→ **Work item**: Images aside, return all the entries exactly.

*** Block opens ***

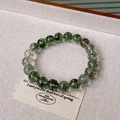 Macro detail of natural green phantom quartz beads with unique mineral inclusions - Natural Green Phantom Round Bead Style (10#)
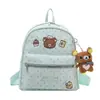 Mochila, Bolso de Mano y Bolso de Hombro Nuevo, Elegante y Versátil con Estampado de Osos de Puntos para Uso Diario, Bolso Escolar de Gran Capacidad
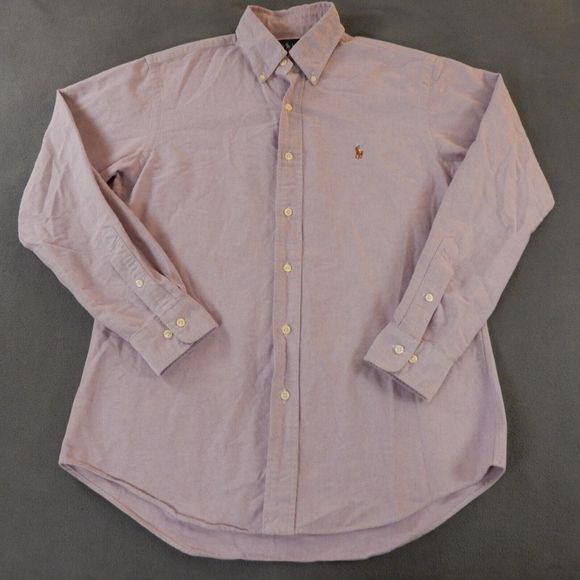 Ralph Lauren Other - Ralph Lauren Men Shirt Purple Sz 15.5 32/33 Cotton Oxford Embroidered Pony Logo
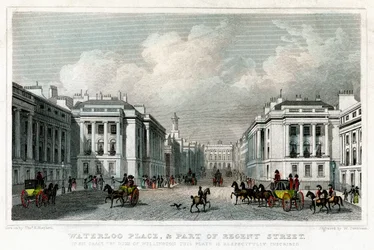 Waterloo Place en een deel van Regent Street, Westminster, Londen, 1828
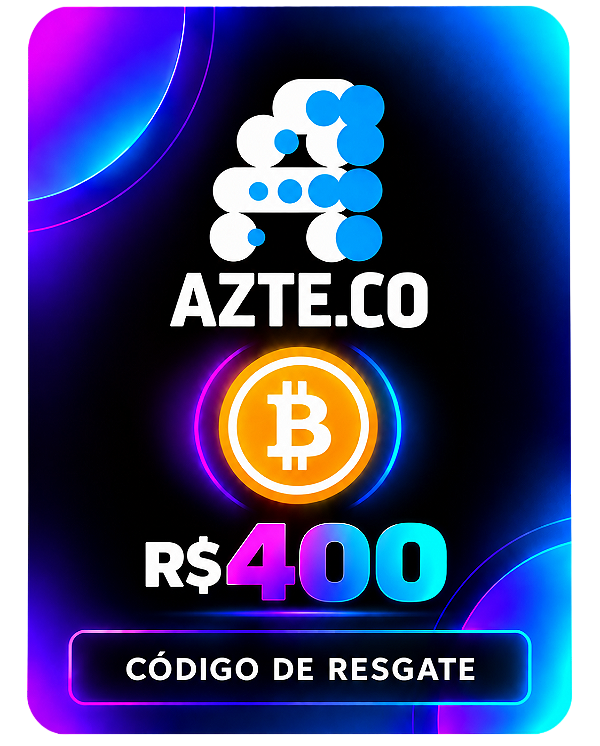Cartão Presente R$ 400 Bitcoin Azteco Código de Resgate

*** Block closes ***

→ **Exercise answer**:
 Macro detail of natural green phantom quartz beads with unique mineral inclusions - Natural Green Phantom Round Bead Style (10#)
 Mochila, Bolso de Mano y Bolso de Hombro Nuevo, Elegante y Versátil con Estampado de Osos de Puntos para Uso Diario, Bolso Escolar de Gran Capacidad
 Ralph Lauren Other - Ralph Lauren Men Shirt Purple Sz 15.5 32/33 Cotton Oxford Embroidered Pony Logo
 Waterloo Place en een deel van Regent Street, Westminster, Londen, 1828
Cartão Presente R$ 400 Bitcoin Azteco Código de Resgate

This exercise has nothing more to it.